Sans toi je ne suis rien.
Benoît Poelvoorde, icône de la rigolade, mais dont les derniers films nous avaient laissé croire qu'il ne ferait plus jamais rien de bon, nous revient dans une comédie contemporaine, épaulé par la belle et douce Isabelle Carré. Est-ce que la nouvelle réalisation signée Jean-Pierre Améris sera à la hauteur de nos attentes ?
Jean-René (Benoît Poelvoorde), patron d'une fabrique de chocolat, et Angélique (Isabelle Carré), chocolatière de talent, sont deux grands émotifs. Les ventes de la fabrique chutant, Jean-René aura besoin d'embaucher un commercial pour relancer les affaires. Incapable de converser avec une femme, il choisira Angélique, sans rien savoir d'elle. Peu à peu ils se découvriront l'un l'autre, tomberont amoureux, mais tentant de cacher leur émotivité, refouleront leurs sentiments.
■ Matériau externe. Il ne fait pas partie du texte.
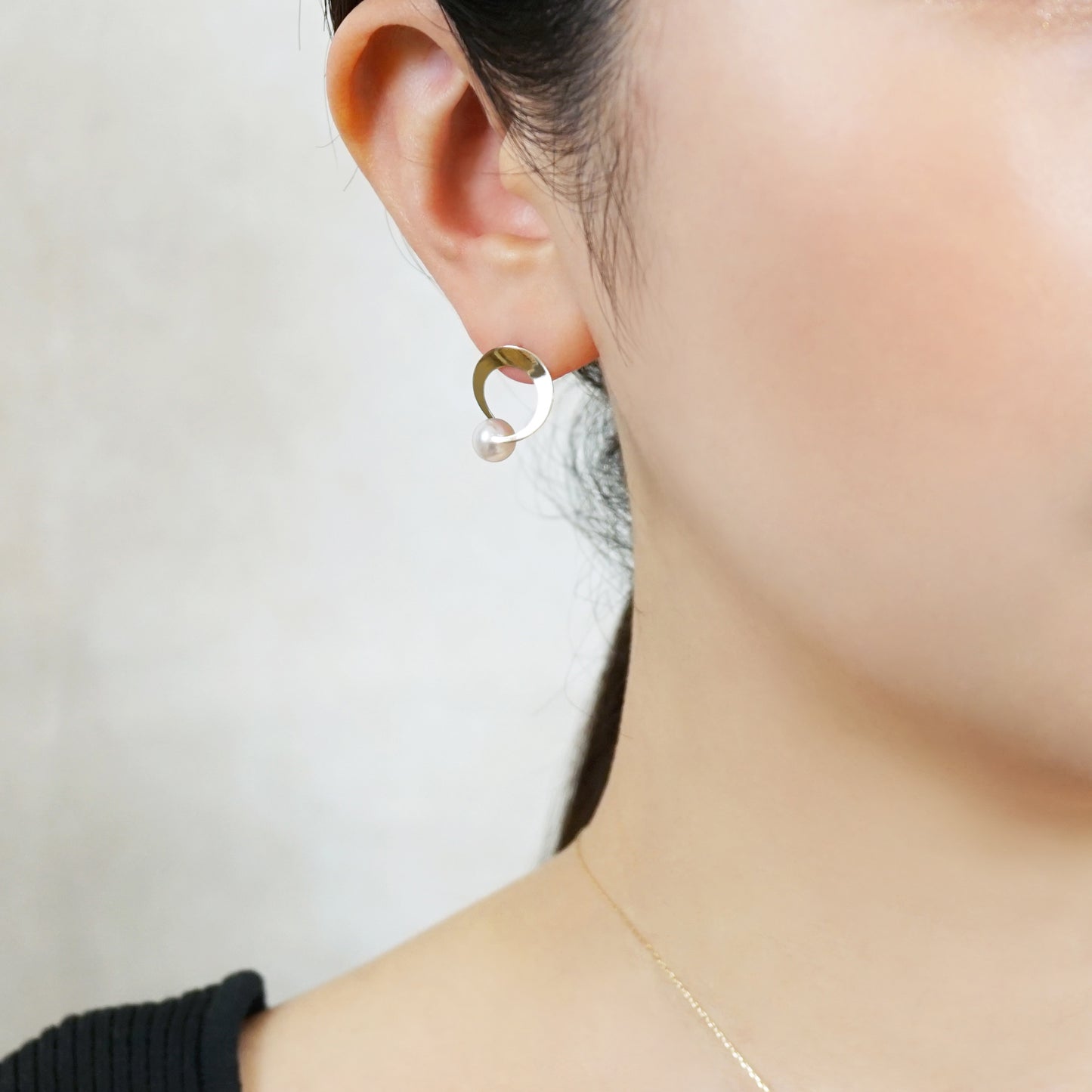 18K/10 Akoya Pearl Circle Design Earrings (Yellow Gold) - Model Image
A une époque où il est devenu indispensable de prendre son rendez-vous chez le psy trois mois à l'avance, et où l'on observe une explosion des ventes d'antidépresseurs et bêtabloquants, un réalisateur s'est enfin levé pour s'attaquer au problème de la phobie sociale, fléau du 21ème siècle. Ce réalisateur c'est Jean-Pierre Améris, et il faut bien admettre qu'il dépeint ces émotifs avec une délicatesse et un amour palpable, de façon pudique et respectueuse, et réussissant avec une incroyable magie à les rendre émouvants, amusants, sans jamais faire tourner leur pathologie au ridicule, ce qui n'était pas le cas avec Les Associés de Ridley Scott, qui bien que sympathique, dénotait une ignorance totale du sujet de la par du réalisateur.
L'écriture est parfaite, Poelvoorde et Carré nous servant des dialogues de sourds au cours desquels chacun des deux répond à côté pour éviter la situation, bien qu'elle soit plus entreprenante que lui, tentant d'aller au devant des choses, alors que lui ira dans le sens inverse.
Deux êtres séparés par un point commun qui les empêche de se révéler leur amour, c'est probablement l'une des plus belles « excuses » pour faire une comédie sentimentale que l'on aura vu depuis longtemps.
Point intéressant, plutôt que broder et risquer de tourner en rond comme le font beaucoup de comédies sentimentales, Améris boucle son film en une heure et dix minutes, condensant suffisamment la chose pour que les émotifs anonymes qui ont du mal à tenir dans une salle plus d'une heure et demi puisse néanmoins aller le voir, sans risquer la tachycardie.
Bref, Les Emotifs Anonymes est la comédie sentimentale la plus intelligente de l'année, traitant avec une exquise légèreté un problème pourtant handicapant pour de nombreuses personnes, et leur offrant une véritable bouffée d'oxygène, débordante d'humour et de sentiments. Un message d'espoir lancé par un émotif non-anonyme aux millions d'émotifs qui le cachent aux autres, et aussi souvent à eux-mêmes.
On retiendra également une esthétique visuelle particulière, empruntant beaucoup aux années 70, et tranchant littéralement avec l'actualité du sujet. Le thème du film, Big Jet Plane, interprété par Angus et Julia Stone est également un atout non négligeable, renforçant le côté fondant de ce chocolat à la ganache.
Sans surprises dans sa finalité, ce sont les multiples situations cocasses et maladresses des protagonistes qui en créeront la trame, deux âmes soeurs qui auront mis longtemps à se trouver, auxquelles on s'identifiera ou non, mais qui ne pourront pas laisser insensible.
Pour conclure, les émotifs anonymes ou non se doivent de voir cette perle qui leur est dédiée, et craqueront pour cette reconnaissance publique du problème. Les autres auront du mal à résister au charme du duo Poelvoorde/Carré, et ne risqueront de toute façon pas grand chose vu la relative concision du métrage.
Mention spéciale évidemment pour le duo Poelvoorde/Carré, tous les deux parfaits dans leurs rôles, que ça soit lui en vieux garçon coincé et touchant, et elle en vieille fille fragile et pétillante que l'on aurait envie de croquer.